┌──
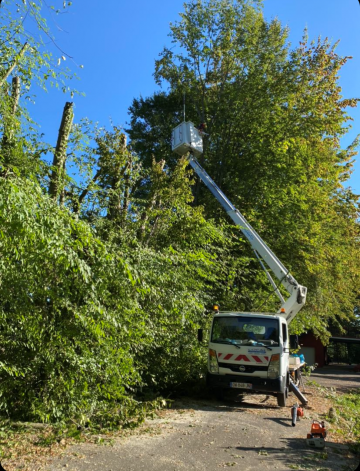 Intervention d'élagage avec nacelle aux alentours de Tarbes Intervention d'élagage avec nacelle aux alentours de Tarbes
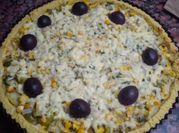 Una foto de polenta con queso y choclo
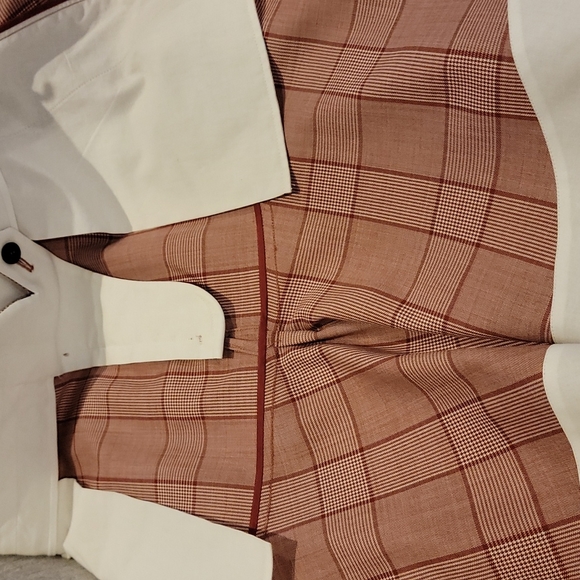 CALVIN KLEIN 205W39NYC Fluted Prince of Wales Red Plaid Mini Skirt It 44 - Picture 15 of 16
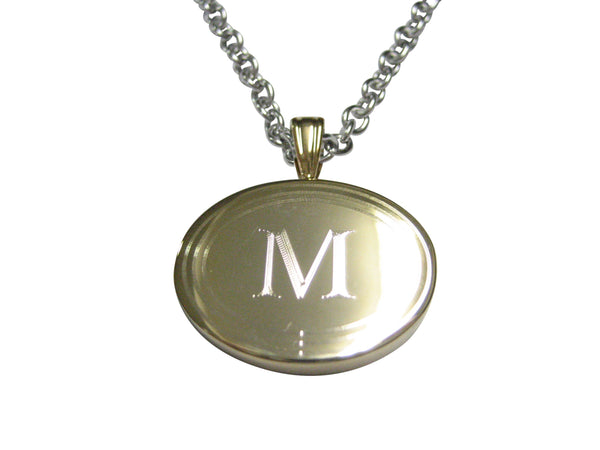 Gold Toned Etched Oval Letter M Monogram Pendant Necklace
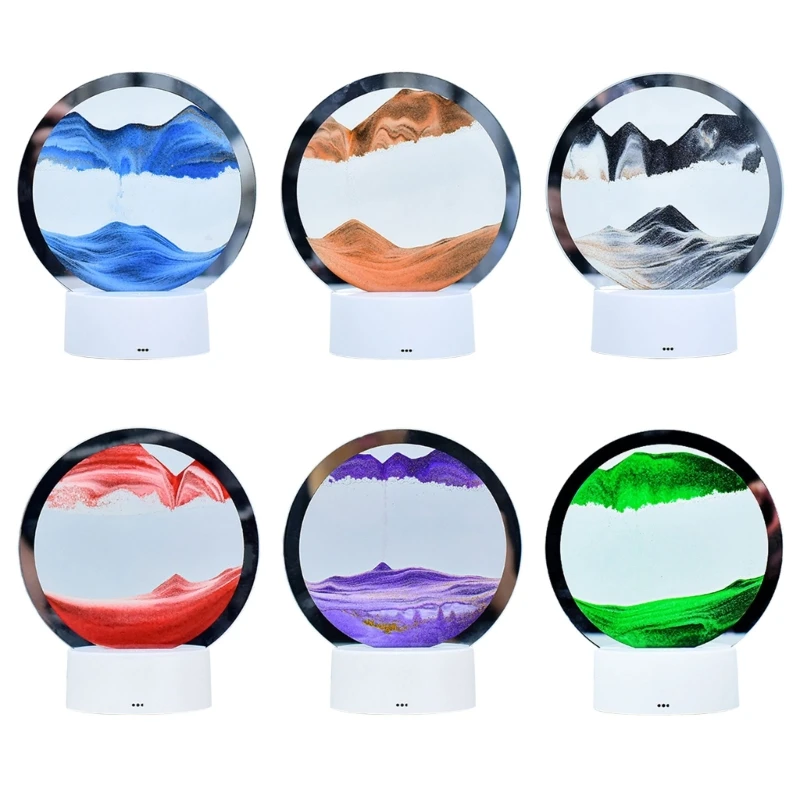 

3D Moving Sand Art 360°Rotating Hourglass Decoration Creative Sand Art Liquid Motion Living Room Bedroom Table Lamp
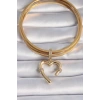 Nevamel® Pirinç Gold Renk Zirkon Taş Detaylı Kalp Figür Ajda Charm 5886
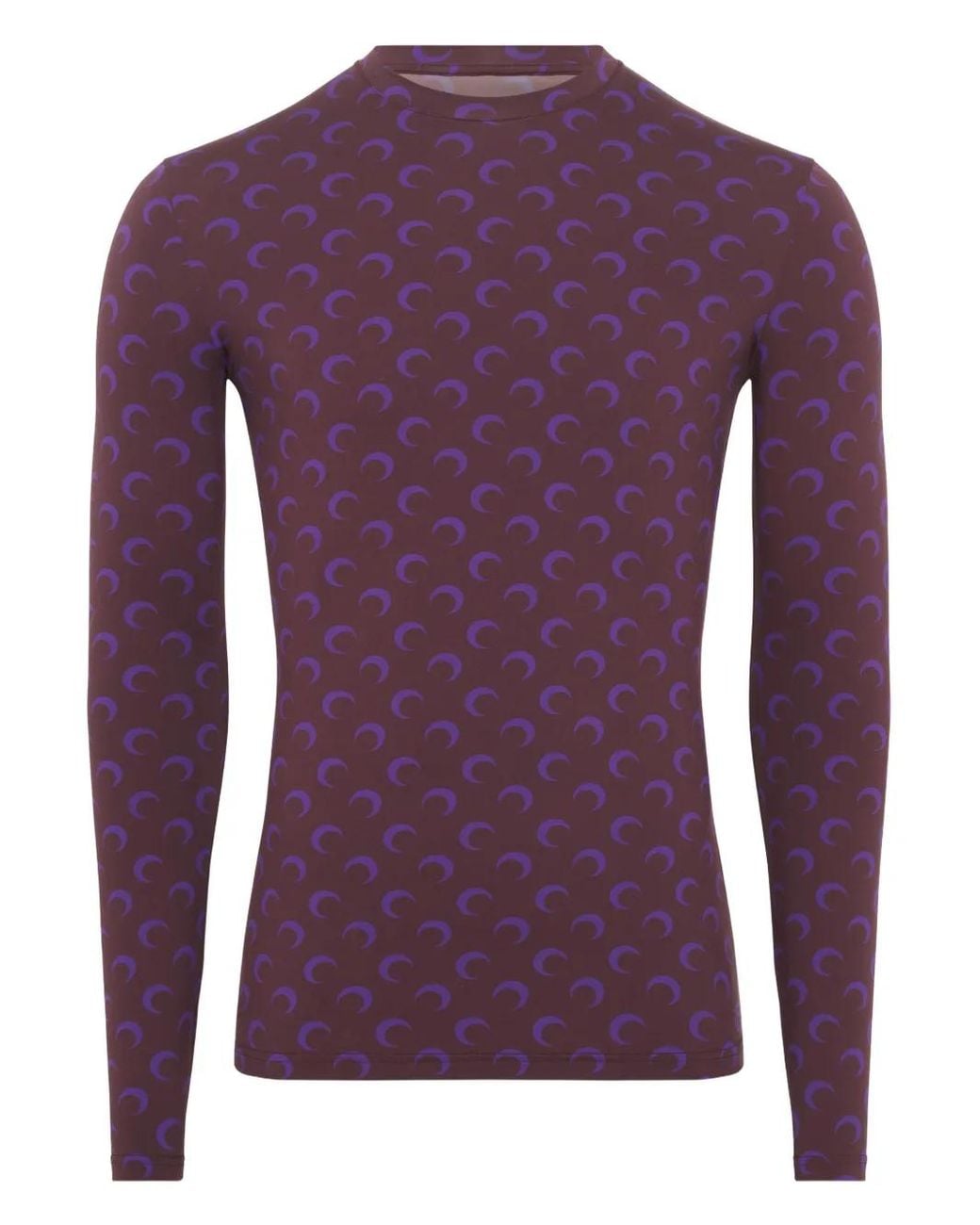 MARINE SERRE Purple Moon-Print Jersey Long-Sleeved T-Shirt for men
└──
■ AIM OF THE EXERCISE: A faithful copy of all the data above is required, printed exactly and with no pictures.

■ EXERCISE SOLUTION:
 Intervention d'élagage avec nacelle aux alentours de Tarbes Intervention d'élagage avec nacelle aux alentours de Tarbes
 Una foto de polenta con queso y choclo
 CALVIN KLEIN 205W39NYC Fluted Prince of Wales Red Plaid Mini Skirt It 44 - Picture 15 of 16
 Gold Toned Etched Oval Letter M Monogram Pendant Necklace

3D Moving Sand Art 360°Rotating Hourglass Decoration Creative Sand Art Liquid Motion Living Room Bedroom Table Lamp
 Nevamel® Pirinç Gold Renk Zirkon Taş Detaylı Kalp Figür Ajda Charm 5886
 MARINE SERRE Purple Moon-Print Jersey Long-Sleeved T-Shirt for men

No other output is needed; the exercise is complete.